When you believe many opposite things (or feel uninvested in finding one truth), you run into the limits of language, because speaking or writing requires that you say things in a certain order, which can signal weight that may or may not be there. Even putting a concept into words can give it more solidity than you mean it to have. Sometimes I find myself complaining to someone about something, and they sympathize with me, and I want to say, "Oh no, I barely care about this, don't worry!" Again, it feels like my face and voice are kind of lying, since they're giving people a false impression of my overall state.

It's not that I never feel bad, because of course I do. But it's like a part of me can genuinely be having a bad time, but another part of me knows it's temporary or unimportant in the grand scheme. I'm aware that I could choose something else. So the bad feeling never feels completely real or all-encompassing.

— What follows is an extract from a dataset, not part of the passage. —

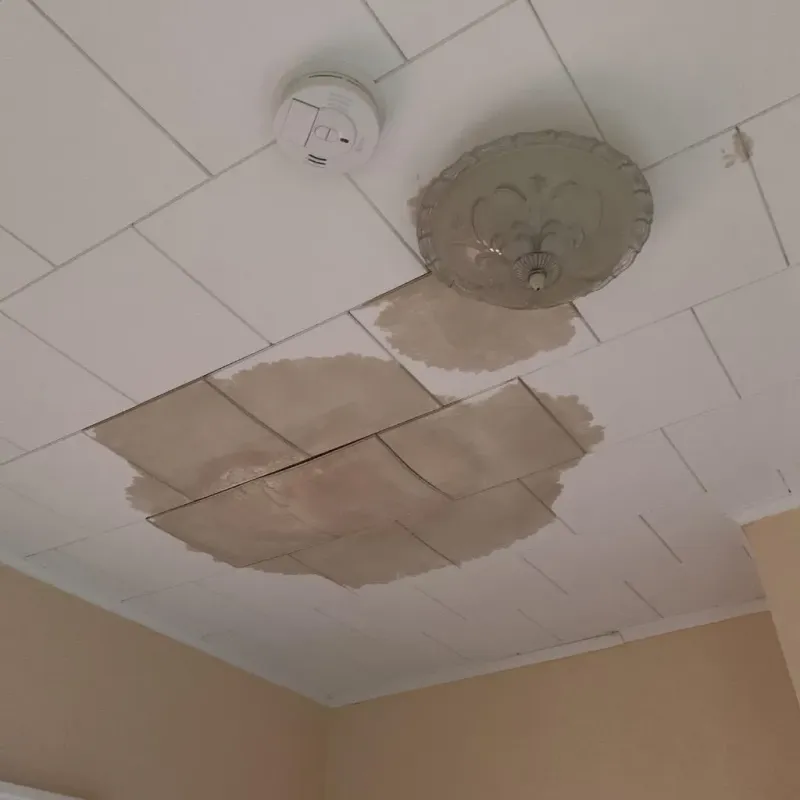 Ceiling Water Damage Repair in Richardson, TX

Stage 5 is lonely. I find this the biggest con against it, and it's not a small one. For this reason, I don't recommend that anyone *try* to get to Stage 5 unless they're already struggling at 4.5 like I was.

I feel separated from people around me in a sense, and yet I feel closer to people overall (in this time and across time). I am emotionally touched by things very easily. I see the value in all kinds of people that I didn't before.

It hasn't been that long since I've been Stage 5 native, and I find I regress unintentionally at times. My sense is that I'm back in 4.5 when again I feel cursed and excluded, or when reading Twitter starts to make me mad (I feel like I'm “in it” and desire for people to change vs. feeling "outside it"/in a meta realm where I am observing people in their process). I used to also regress in the sense that I'd regain hope in a super-frame large enough to be perfect truth/to not require other frames, but this hasn't happened in a while.

I definitely lose my Stage 5 perspective when I am underslept or sick.

I am getting better at wielding other stage patterns by choice when they are more adaptive for the situation. For example, in 4.5, I felt disdain for 4-patterned thinking. I wanted to nitpick and burn down all the frameworks, because it bothered me to see other people take them as complete truths. But now I'm happily using 4-patterned thinking to create this site!

Why I love the Kegan stage framework

As my story was meant to illustrate, the Kegan stage framework gave words to a very confusing period in my life and showed me the way out. I think it can do the same for others, even if they are stuck in a different place on the map.

I've also gotten a ton of value from the stages-as-patterns way of using the framework, which among many things, clarifies situational misunderstandings and misalignments that are otherwise difficult to see.

As someone who has long been a fan of psychology frameworks — the MBTI, the Big Five, the Enneagram, attachment styles, etc. — it warms my heart so much to find one that explicitly supports being one truth among many. At Stage 5, I no longer believe in the "one truth" or the "one way" or the "one metric" to maximize — I think human cognition is too small for one such frame to fit — but the Kegan stage framework isn't claiming that. It's showing the way out.